But the old people never set eyes upon her again for at the end of a couple of months the damp place and the cold paving had been too much for the old bookseller, and he had died; while from the wife of a policeman in charge of the next house I learned how prophetic had been my thoughts respecting them at our first meeting. I recalled the simple act that I had seen—how the poor old lady had laid her hand affectionately upon her husband’s arm—just, too, as at our last meeting, when sick herself, she had listened quietly to her old companion’s words, and smilingly upbraided him for being too generous in his trade.

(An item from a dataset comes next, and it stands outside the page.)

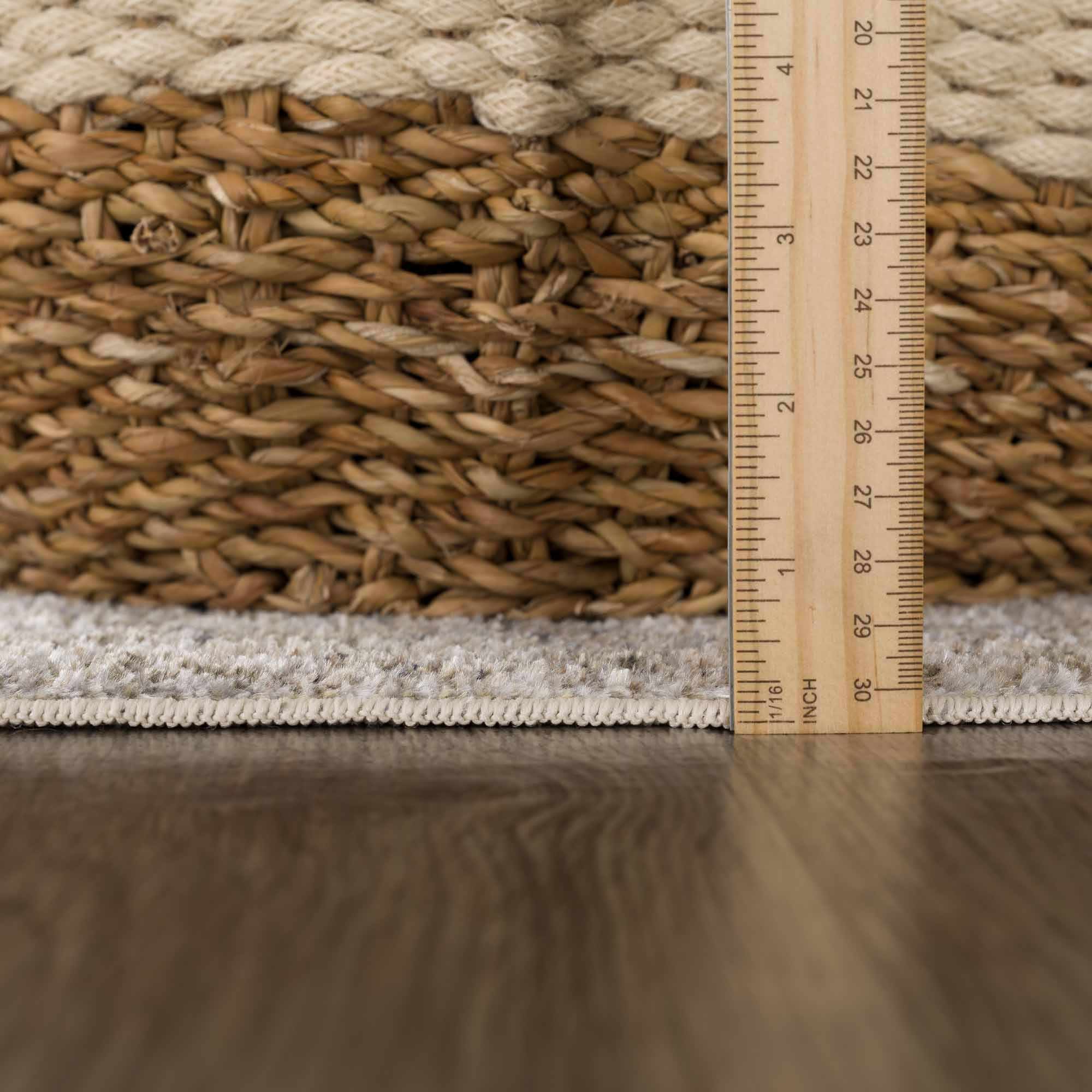 Gale Washable Rug  Machine Woven  Medium Pile  Polyester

“They found her kneeling down, ma’am,” said the policeman’s wife, “just aside the bed, with her cheek upon his dead hand—she dead and cold too; and no wonder neither—the place was damp enough to kill a horse.”
Chapter Twenty.
Kate’s Ordeal.
I have mentioned Mary Sanders to you as the dear friend drawn to my side by a trifling act of kindness during her illness. Some were good enough to say that I risked my life in attending her; but I don’t know: I fancy the risk of catching a complaint is as great to those who take endless care as to those who take scarcely any. Ninety-nine precautions are taken, and the hundredth window is left open through which the disease enters unawares.
Be that as it may, I tended her, and we became great friends.

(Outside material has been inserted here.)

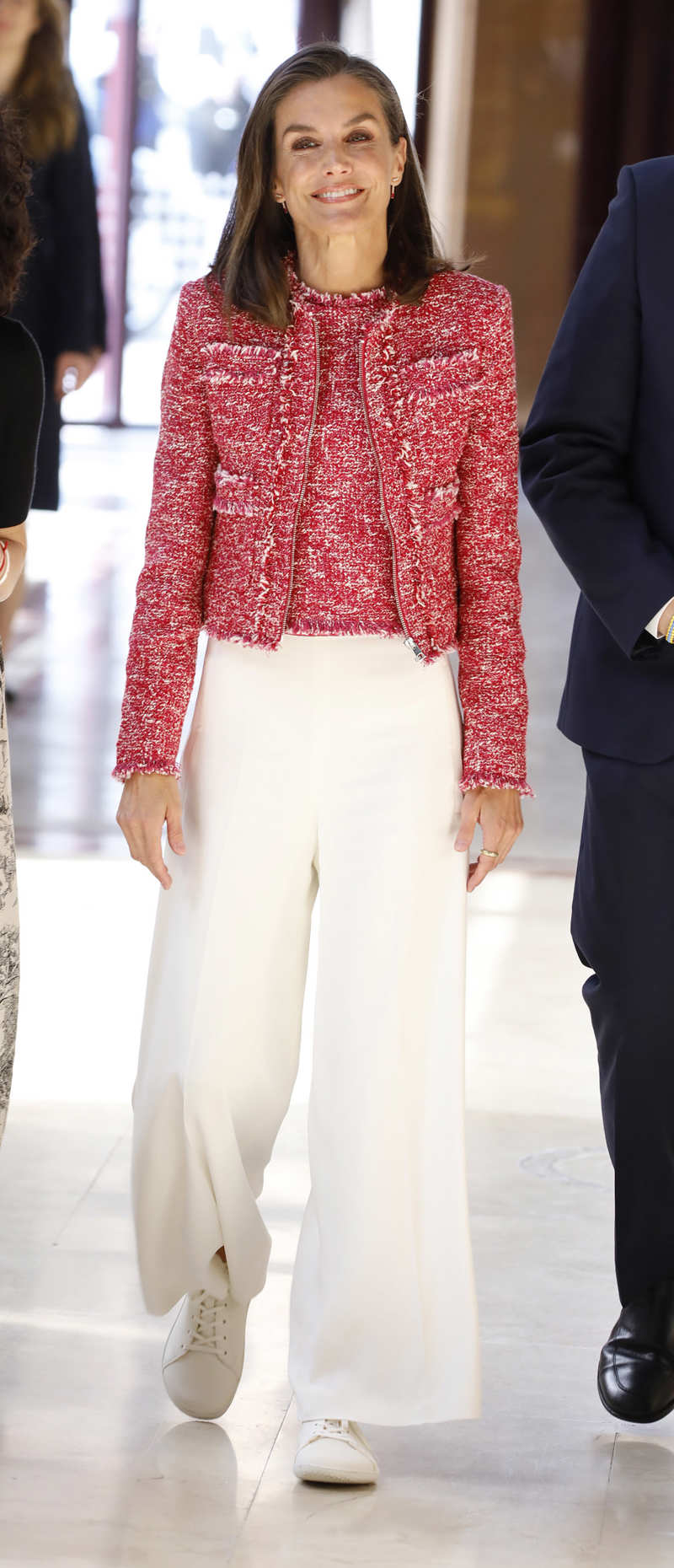 La Reina Letizia con pantalones anchos blancos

I have in my memory a little incident in her life, which I will endeavour to repeat almost in her own words as she told me one evening as we sat together. It was a story of her childhood—of what she called her baby days—before she had to go out into the world.
“‘Ah, those were good old times,’ she said, with a sigh, ‘when dear old Sally, our maid, used to scold us so. Then it used to be—and I remember one occasion well—the day Kate came down to us—There, you’re banging that door again, Miss Mary. I declare to goodness you children would worrit the patience out of a saint.’